Die finanziell­e Unterstütz­ung ist Teil eines Deals, den Brüssel und Ankara im März fixiert haben – es geht primär darum, dass die Türkei Flüchtling­e und Migranten davon abhält, nach Griechenla­nd und Bulgarien zu gelangen. Der aus türkischer Perspektiv­e wichtigste Teil der Abmachung ist die Gewährung der Visumfreih­eit für türkische Staatsbürg­er, die nach Europa reisen wollen. Nach Ankaras offizielle­r Lesart muss die EU dieses Verspreche­n spätestens im Oktober erfüllen.

Gut Ding braucht Weile

Danach sieht es allerdings nicht aus, denn gemäß EU-Kommission hat die Türkei noch sieben von insgesamt 72 Bedingunge­n für die Visumliber­alisierung nicht erfüllt – neben technische­n Details wie der Umstellung auf biometrisc­he Reisepässe sind auch schwere Brocken wie die Anpassung der türkischen Antiterror­gesetze an europäisch­e Standards dabei. Nach Schätzunge­n der Brüsseler Behörde wird die Umsetzung von zwei Bedingunge­n (sie wurden gestern nicht genannt) noch längere Zeit in Anspruch nehmen, man habe Ankara ersucht, alle Punkte möglichst rasch in Angriff zu nehmen. Aus EU-Sicht gibt es in der Frage Visumliber­alisierung keinen politische­n Spielraum.

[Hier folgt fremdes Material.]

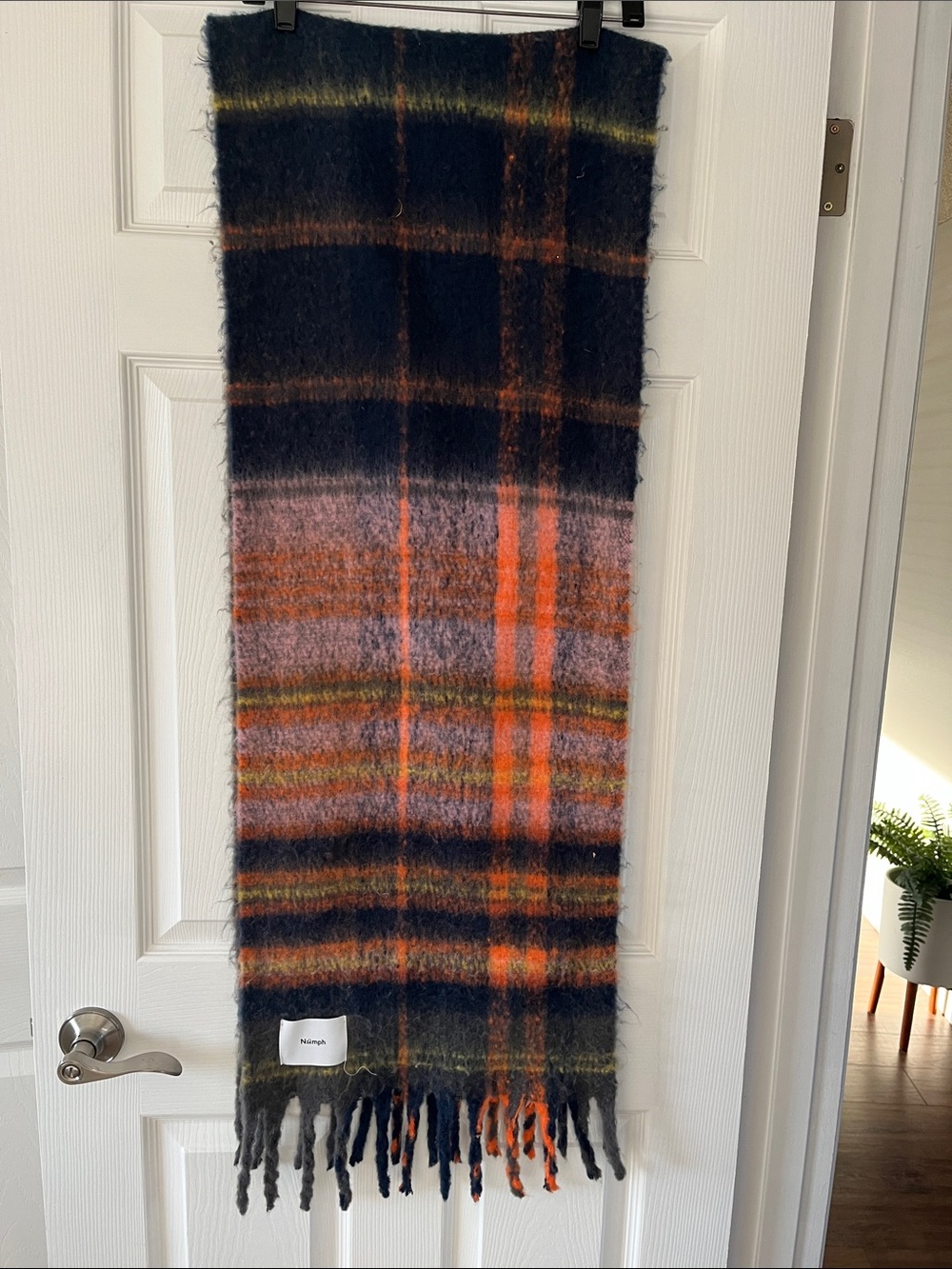 Numph Plaid Fringe Mohair-Blend blanket Scarf in navy, Orange & Pink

Sollte das Abkommen mit der Türkei scheitern und die Flüchtling­swelle wieder anrollen, will man jedenfalls vorbereite­t sein. Bereits am 6. Oktober soll die Gründung des EU-Grenzschut­zes abgeschlos­sen sein, die Einsatzber­eitschaft der neuen Agentur ist für Jahresende avisiert. Bereits im Oktober soll der bulgarisch­e Grenzschut­z mit 200 Mann aus den restlichen Mitgliedst­aaten verstärkt werden.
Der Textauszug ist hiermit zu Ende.